Copy out the whole listing exactly as given. Skip the pictures.

Dataset section
——————————
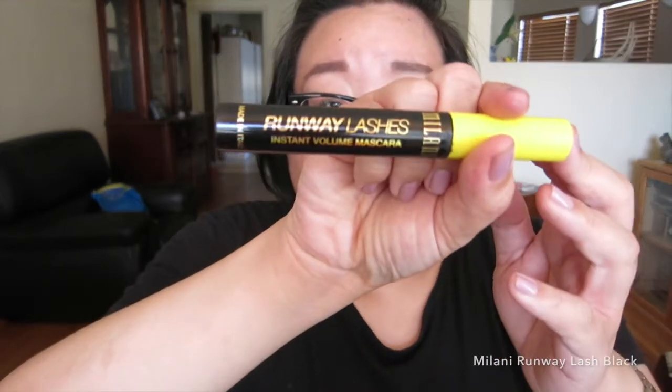Next I'm going to talk about a mascara I've been using anytime I wear makeup. This is the Milani Runway Lashes — it says instant volume and it actually does deliver. It volumizes and separates my lashes. If you like the L'Oreal Voluminous Full Definition, you need to get the Runway Lash. And how cool is the packaging? It's so sleek and the writing is almost iridescent.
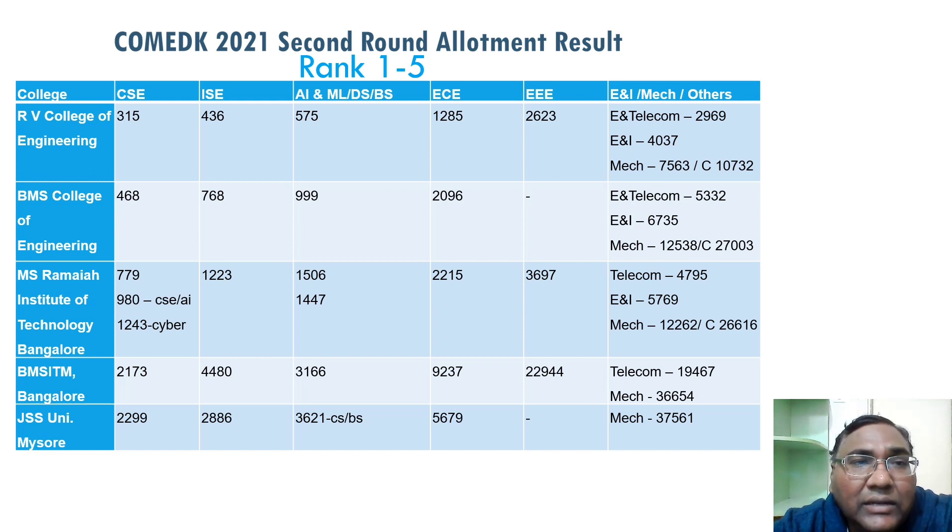For BMS College of Engineering, the cutoff has again come down to approximately 500 for CSC itself. In RV up to rank 575 you're getting a computer-related branch; in BMS you are getting it up to rank 1,000. So somebody with rank 1,000 is getting a computer-related branch in BMS, which is very good.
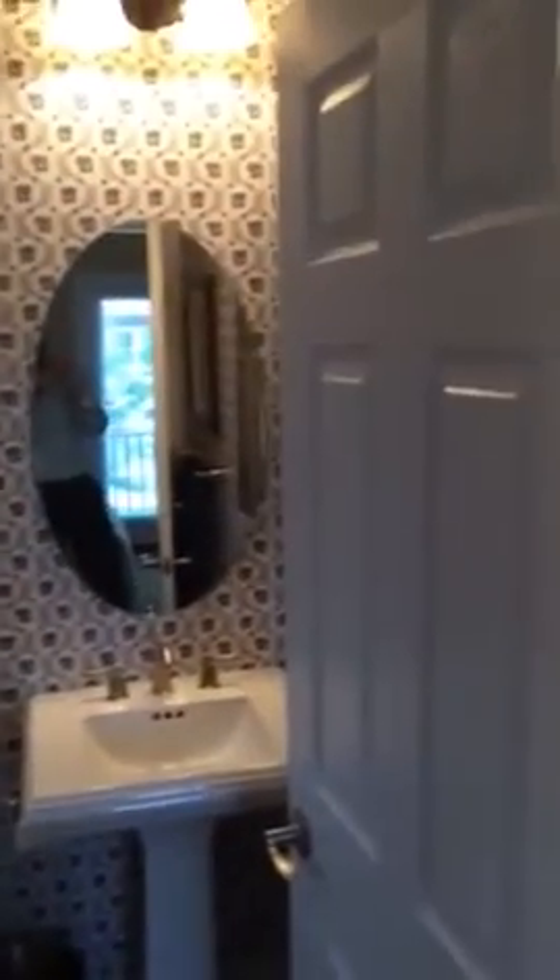And this one's got an attached bathroom. And that is 2866 Horner Road.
——————————
Task solution
Next I'm going to talk about a mascara I've been using anytime I wear makeup. This is the Milani Runway Lashes — it says instant volume and it actually does deliver. It volumizes and separates my lashes. If you like the L'Oreal Voluminous Full Definition, you need to get the Runway Lash. And how cool is the packaging? It's so sleek and the writing is almost iridescent.
For BMS College of Engineering, the cutoff has again come down to approximately 500 for CSC itself. In RV up to rank 575 you're getting a computer-related branch; in BMS you are getting it up to rank 1,000. So somebody with rank 1,000 is getting a computer-related branch in BMS, which is very good.
And this one's got an attached bathroom. And that is 2866 Horner Road.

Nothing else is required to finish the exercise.